Scraped caption text data:
※
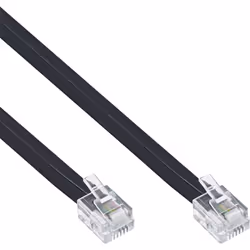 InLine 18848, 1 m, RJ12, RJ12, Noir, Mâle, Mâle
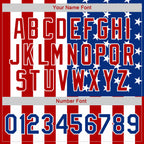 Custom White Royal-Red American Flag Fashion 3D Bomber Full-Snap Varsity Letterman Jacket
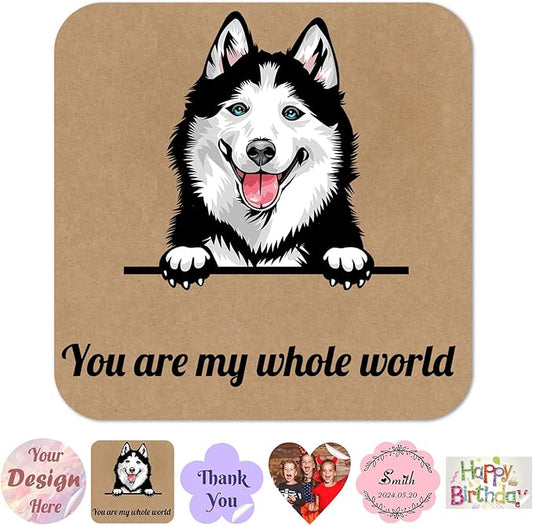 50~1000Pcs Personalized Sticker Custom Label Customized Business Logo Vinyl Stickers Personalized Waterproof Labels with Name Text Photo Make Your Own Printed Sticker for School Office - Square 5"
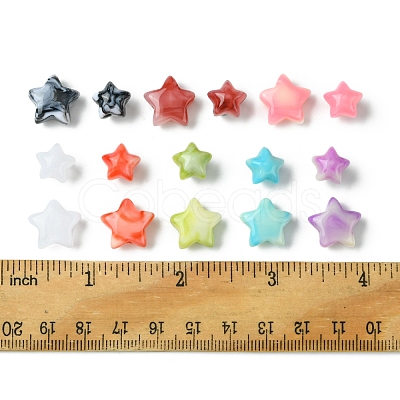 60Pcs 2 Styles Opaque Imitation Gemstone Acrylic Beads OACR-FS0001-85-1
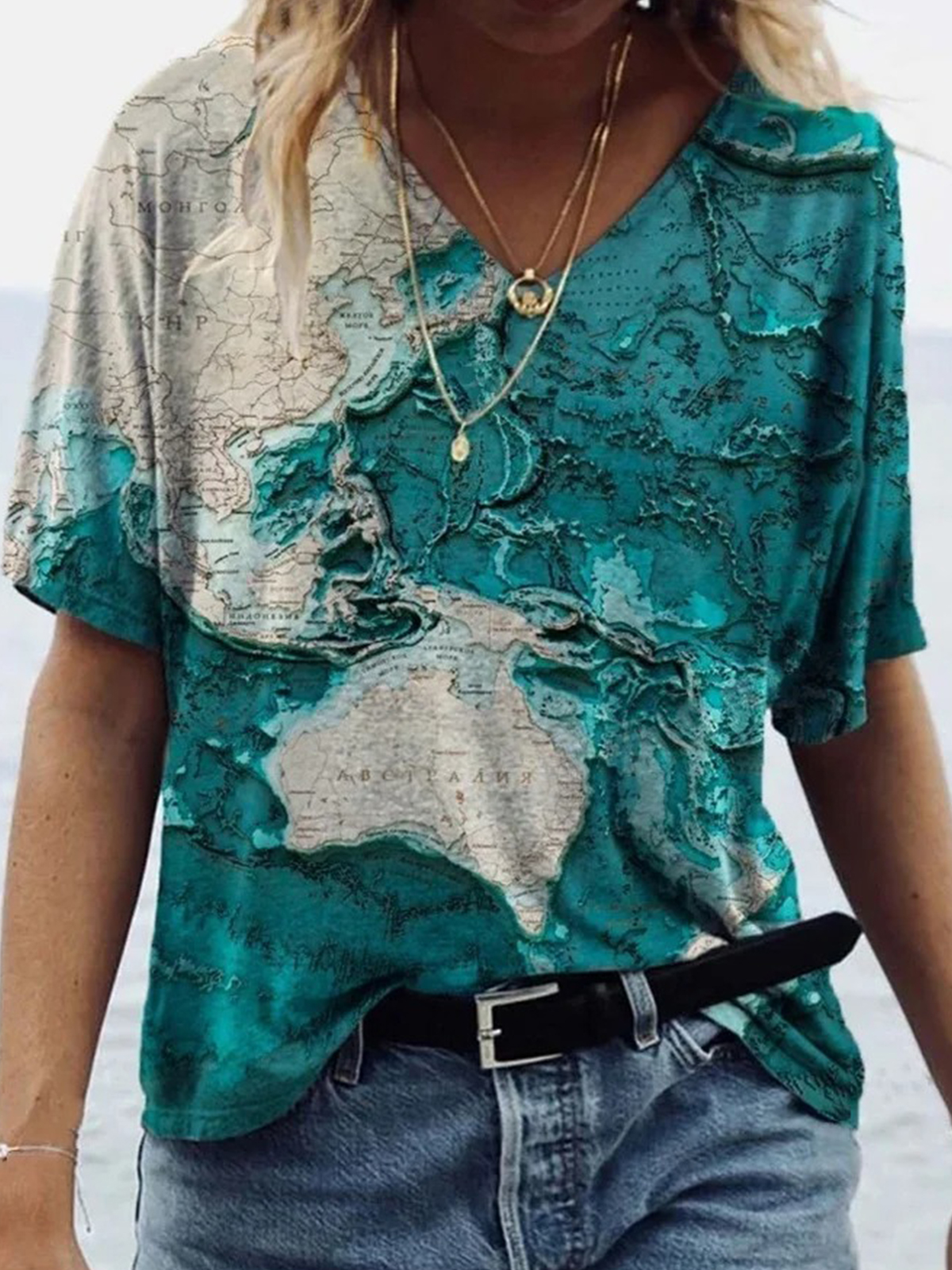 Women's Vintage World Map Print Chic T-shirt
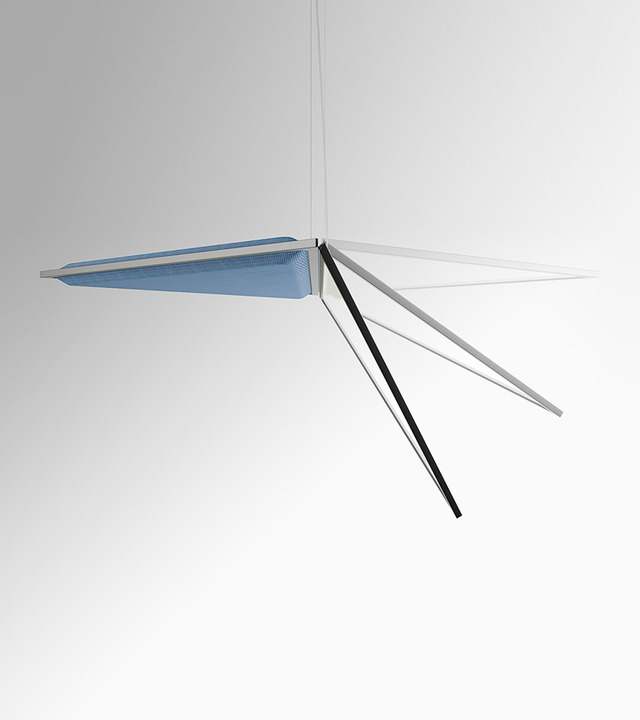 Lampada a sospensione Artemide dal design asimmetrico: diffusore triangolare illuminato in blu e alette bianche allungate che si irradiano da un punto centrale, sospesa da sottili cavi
※
Set down every record above exactly as it stands, but skip the pictures.

RESPONSE BOX:
 InLine 18848, 1 m, RJ12, RJ12, Noir, Mâle, Mâle
 Custom White Royal-Red American Flag Fashion 3D Bomber Full-Snap Varsity Letterman Jacket
 50~1000Pcs Personalized Sticker Custom Label Customized Business Logo Vinyl Stickers Personalized Waterproof Labels with Name Text Photo Make Your Own Printed Sticker for School Office - Square 5"
 60Pcs 2 Styles Opaque Imitation Gemstone Acrylic Beads OACR-FS0001-85-1
 Women's Vintage World Map Print Chic T-shirt
 Lampada a sospensione Artemide dal design asimmetrico: diffusore triangolare illuminato in blu e alette bianche allungate che si irradiano da un punto centrale, sospesa da sottili cavi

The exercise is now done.